_Work order:_
Retype, word for word, each line between the lines holding "Primary Photo Of" and "Prince William in", inclusive, and leave the rest of the data alone.

_Task input:_
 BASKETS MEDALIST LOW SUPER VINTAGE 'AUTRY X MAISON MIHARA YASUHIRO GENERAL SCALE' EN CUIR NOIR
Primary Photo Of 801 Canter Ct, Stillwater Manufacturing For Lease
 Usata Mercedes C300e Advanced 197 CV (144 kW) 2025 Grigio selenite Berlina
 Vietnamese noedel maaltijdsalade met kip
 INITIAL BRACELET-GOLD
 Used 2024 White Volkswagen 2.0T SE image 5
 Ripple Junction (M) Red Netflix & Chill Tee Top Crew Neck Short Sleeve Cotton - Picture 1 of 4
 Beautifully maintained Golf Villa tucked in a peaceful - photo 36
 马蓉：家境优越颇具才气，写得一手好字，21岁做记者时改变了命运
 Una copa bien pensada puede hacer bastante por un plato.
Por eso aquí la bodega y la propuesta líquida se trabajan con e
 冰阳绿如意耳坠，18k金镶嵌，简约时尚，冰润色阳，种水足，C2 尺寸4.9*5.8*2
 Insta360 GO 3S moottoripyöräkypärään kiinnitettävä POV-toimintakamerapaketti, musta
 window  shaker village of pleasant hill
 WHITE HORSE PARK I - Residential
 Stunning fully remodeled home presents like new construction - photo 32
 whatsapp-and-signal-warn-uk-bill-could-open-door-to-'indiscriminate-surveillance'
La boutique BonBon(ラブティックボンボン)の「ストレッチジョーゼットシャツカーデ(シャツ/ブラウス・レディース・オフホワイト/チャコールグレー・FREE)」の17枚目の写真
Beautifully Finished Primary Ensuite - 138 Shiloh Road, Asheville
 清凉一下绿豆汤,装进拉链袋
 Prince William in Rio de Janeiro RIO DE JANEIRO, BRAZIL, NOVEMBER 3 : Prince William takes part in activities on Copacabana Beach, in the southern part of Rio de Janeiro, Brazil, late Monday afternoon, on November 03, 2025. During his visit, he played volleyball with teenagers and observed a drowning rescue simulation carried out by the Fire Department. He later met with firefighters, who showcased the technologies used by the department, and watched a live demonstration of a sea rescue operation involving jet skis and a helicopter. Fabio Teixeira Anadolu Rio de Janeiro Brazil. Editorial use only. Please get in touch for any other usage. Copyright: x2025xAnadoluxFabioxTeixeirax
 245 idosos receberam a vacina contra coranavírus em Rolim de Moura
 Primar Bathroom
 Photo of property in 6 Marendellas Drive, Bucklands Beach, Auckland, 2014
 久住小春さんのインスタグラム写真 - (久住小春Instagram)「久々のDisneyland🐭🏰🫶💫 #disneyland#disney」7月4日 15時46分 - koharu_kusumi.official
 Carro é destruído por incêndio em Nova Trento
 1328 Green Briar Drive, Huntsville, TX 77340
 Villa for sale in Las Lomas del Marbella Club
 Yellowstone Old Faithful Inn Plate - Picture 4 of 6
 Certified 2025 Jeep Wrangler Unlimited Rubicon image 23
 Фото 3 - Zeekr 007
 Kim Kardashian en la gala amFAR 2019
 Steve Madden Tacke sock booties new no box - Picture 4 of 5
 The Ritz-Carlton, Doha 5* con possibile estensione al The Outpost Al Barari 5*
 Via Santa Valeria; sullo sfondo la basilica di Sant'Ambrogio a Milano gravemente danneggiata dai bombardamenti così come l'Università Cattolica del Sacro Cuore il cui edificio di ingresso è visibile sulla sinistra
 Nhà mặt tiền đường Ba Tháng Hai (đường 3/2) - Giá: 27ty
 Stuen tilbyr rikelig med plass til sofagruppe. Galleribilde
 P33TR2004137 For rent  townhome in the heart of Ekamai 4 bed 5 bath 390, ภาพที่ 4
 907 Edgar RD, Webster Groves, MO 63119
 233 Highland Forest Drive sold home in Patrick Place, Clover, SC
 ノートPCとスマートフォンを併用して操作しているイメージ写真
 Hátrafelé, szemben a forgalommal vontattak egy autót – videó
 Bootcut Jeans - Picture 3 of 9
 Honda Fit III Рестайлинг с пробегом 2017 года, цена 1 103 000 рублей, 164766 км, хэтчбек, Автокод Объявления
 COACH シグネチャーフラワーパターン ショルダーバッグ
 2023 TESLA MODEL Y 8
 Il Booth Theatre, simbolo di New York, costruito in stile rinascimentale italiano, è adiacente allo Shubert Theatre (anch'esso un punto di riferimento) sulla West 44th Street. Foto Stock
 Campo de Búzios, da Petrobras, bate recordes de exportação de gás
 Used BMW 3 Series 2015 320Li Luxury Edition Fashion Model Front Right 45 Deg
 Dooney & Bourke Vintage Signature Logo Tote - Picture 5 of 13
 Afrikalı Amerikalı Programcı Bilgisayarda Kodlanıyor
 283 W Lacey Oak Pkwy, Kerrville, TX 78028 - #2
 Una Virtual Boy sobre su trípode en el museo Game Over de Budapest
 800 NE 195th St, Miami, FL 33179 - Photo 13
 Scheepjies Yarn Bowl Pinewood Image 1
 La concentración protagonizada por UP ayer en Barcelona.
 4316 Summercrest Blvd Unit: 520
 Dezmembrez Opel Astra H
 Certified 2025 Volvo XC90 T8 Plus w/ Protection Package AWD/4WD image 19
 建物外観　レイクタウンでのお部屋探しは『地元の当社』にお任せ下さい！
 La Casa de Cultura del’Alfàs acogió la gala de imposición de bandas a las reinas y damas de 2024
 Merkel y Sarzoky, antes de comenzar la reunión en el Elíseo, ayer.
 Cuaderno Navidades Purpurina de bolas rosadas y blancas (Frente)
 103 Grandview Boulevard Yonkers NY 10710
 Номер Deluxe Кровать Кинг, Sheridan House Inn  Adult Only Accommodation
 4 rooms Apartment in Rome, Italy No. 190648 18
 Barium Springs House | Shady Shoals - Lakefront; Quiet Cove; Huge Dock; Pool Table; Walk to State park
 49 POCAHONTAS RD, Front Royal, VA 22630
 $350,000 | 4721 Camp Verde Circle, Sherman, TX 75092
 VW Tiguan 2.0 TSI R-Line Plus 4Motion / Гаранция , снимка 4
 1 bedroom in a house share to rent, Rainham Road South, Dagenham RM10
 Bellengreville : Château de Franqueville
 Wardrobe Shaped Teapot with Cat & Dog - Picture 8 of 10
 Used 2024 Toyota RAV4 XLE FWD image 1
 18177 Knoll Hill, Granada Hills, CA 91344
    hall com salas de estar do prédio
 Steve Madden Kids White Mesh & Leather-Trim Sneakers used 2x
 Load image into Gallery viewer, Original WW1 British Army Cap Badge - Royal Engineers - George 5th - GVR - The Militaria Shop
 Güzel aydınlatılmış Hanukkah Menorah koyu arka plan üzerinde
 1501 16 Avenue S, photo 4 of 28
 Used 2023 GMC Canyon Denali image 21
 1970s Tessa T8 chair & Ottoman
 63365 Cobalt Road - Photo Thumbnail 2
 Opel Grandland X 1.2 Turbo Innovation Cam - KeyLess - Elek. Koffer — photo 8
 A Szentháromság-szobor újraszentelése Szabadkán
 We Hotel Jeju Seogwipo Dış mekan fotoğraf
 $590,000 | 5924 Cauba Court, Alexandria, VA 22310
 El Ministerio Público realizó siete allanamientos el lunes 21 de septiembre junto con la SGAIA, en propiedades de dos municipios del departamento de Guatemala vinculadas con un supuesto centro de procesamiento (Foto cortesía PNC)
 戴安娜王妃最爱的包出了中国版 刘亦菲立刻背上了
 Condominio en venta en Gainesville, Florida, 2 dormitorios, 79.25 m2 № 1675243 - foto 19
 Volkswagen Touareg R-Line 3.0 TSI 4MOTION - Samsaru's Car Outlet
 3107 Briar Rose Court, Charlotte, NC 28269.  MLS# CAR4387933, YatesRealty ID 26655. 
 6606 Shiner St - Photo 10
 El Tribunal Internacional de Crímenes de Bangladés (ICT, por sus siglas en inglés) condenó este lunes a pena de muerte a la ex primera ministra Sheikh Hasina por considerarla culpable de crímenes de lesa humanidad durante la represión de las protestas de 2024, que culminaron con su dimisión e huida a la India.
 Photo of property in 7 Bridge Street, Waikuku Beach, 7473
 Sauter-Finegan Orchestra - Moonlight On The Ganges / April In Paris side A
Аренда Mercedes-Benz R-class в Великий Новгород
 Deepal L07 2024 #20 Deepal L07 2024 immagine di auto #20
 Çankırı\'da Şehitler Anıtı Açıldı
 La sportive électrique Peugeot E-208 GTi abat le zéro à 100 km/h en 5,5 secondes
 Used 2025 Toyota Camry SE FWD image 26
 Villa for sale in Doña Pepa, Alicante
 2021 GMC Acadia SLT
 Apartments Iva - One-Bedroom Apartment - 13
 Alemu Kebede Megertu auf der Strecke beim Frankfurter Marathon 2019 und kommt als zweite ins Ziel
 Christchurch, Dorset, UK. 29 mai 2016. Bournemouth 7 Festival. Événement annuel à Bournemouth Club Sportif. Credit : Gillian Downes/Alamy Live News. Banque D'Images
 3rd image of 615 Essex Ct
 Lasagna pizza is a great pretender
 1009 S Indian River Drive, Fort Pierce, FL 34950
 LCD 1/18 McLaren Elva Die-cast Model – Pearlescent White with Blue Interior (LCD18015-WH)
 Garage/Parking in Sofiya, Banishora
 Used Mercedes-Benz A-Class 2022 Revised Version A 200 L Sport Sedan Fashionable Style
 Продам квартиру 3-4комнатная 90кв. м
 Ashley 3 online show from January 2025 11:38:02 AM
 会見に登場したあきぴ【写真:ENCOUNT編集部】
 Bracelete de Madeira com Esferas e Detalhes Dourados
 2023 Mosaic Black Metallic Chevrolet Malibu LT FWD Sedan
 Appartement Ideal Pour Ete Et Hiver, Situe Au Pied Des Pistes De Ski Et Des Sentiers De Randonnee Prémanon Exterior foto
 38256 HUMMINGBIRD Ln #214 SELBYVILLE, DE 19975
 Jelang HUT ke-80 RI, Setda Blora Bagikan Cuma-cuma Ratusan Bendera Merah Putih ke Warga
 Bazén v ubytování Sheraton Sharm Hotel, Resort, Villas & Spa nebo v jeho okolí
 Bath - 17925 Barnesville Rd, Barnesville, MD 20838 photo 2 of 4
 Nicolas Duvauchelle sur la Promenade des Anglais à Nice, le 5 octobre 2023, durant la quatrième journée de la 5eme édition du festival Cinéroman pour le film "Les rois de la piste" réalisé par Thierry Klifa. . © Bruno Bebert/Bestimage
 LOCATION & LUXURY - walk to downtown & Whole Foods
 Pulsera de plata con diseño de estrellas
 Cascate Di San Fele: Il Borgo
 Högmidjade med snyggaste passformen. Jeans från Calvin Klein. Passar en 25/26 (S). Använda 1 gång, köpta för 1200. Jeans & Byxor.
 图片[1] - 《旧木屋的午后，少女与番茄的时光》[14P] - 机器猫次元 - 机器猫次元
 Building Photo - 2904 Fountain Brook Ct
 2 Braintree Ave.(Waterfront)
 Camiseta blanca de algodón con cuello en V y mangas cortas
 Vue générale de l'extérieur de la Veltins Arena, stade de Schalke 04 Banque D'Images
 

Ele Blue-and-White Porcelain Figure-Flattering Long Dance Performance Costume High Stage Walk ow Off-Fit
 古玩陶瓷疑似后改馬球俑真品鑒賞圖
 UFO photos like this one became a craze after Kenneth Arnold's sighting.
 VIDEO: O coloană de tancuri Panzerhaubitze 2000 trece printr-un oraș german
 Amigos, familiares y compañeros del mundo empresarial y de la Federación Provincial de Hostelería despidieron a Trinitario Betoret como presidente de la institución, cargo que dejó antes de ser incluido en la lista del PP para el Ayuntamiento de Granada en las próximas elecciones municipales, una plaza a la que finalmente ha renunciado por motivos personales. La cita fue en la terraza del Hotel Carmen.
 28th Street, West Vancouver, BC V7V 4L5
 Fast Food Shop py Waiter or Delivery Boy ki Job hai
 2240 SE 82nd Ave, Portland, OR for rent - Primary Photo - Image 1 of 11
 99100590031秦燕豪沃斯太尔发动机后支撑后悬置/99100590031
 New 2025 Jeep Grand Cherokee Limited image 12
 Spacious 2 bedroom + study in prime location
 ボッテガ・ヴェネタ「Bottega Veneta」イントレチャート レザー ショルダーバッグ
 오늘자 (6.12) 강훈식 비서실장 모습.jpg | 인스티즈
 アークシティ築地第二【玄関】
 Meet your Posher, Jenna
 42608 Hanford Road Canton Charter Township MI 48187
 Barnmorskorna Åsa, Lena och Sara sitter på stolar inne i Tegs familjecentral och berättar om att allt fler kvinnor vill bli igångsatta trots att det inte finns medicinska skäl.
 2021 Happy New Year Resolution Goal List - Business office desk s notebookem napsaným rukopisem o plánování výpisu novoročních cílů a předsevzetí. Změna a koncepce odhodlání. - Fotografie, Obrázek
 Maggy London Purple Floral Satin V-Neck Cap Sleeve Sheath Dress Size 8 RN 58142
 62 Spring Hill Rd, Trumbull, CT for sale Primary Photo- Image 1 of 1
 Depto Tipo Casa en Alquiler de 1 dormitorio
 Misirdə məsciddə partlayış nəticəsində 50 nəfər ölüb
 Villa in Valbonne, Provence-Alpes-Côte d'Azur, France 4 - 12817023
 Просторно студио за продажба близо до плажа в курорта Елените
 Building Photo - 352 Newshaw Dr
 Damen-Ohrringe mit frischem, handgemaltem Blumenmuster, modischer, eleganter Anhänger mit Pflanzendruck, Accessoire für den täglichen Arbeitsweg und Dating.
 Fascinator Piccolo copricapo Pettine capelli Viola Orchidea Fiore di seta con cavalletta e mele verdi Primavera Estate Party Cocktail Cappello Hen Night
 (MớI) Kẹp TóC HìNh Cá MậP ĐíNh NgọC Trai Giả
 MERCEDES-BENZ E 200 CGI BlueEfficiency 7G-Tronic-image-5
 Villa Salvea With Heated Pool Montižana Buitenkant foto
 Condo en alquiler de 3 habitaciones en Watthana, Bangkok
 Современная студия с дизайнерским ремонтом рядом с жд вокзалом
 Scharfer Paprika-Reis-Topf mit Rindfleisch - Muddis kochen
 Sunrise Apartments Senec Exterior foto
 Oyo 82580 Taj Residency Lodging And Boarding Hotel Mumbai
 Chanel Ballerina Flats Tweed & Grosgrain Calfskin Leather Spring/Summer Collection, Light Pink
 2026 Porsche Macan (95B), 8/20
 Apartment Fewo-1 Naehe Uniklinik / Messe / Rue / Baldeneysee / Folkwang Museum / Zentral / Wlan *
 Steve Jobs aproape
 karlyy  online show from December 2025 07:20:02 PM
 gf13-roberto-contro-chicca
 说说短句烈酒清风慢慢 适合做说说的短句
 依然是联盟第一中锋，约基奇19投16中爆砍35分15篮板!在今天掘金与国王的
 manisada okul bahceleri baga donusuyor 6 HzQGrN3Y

_Result for this task:_
Primary Photo Of 801 Canter Ct, Stillwater Manufacturing For Lease
 Usata Mercedes C300e Advanced 197 CV (144 kW) 2025 Grigio selenite Berlina
 Vietnamese noedel maaltijdsalade met kip
 INITIAL BRACELET-GOLD
 Used 2024 White Volkswagen 2.0T SE image 5
 Ripple Junction (M) Red Netflix & Chill Tee Top Crew Neck Short Sleeve Cotton - Picture 1 of 4
 Beautifully maintained Golf Villa tucked in a peaceful - photo 36
 马蓉：家境优越颇具才气，写得一手好字，21岁做记者时改变了命运
 Una copa bien pensada puede hacer bastante por un plato.
Por eso aquí la bodega y la propuesta líquida se trabajan con e
 冰阳绿如意耳坠，18k金镶嵌，简约时尚，冰润色阳，种水足，C2 尺寸4.9*5.8*2
 Insta360 GO 3S moottoripyöräkypärään kiinnitettävä POV-toimintakamerapaketti, musta
 window  shaker village of pleasant hill
 WHITE HORSE PARK I - Residential
 Stunning fully remodeled home presents like new construction - photo 32
 whatsapp-and-signal-warn-uk-bill-could-open-door-to-'indiscriminate-surveillance'
La boutique BonBon(ラブティックボンボン)の「ストレッチジョーゼットシャツカーデ(シャツ/ブラウス・レディース・オフホワイト/チャコールグレー・FREE)」の17枚目の写真
Beautifully Finished Primary Ensuite - 138 Shiloh Road, Asheville
 清凉一下绿豆汤,装进拉链袋
 Prince William in Rio de Janeiro RIO DE JANEIRO, BRAZIL, NOVEMBER 3 : Prince William takes part in activities on Copacabana Beach, in the southern part of Rio de Janeiro, Brazil, late Monday afternoon, on November 03, 2025. During his visit, he played volleyball with teenagers and observed a drowning rescue simulation carried out by the Fire Department. He later met with firefighters, who showcased the technologies used by the department, and watched a live demonstration of a sea rescue operation involving jet skis and a helicopter. Fabio Teixeira Anadolu Rio de Janeiro Brazil. Editorial use only. Please get in touch for any other usage. Copyright: x2025xAnadoluxFabioxTeixeirax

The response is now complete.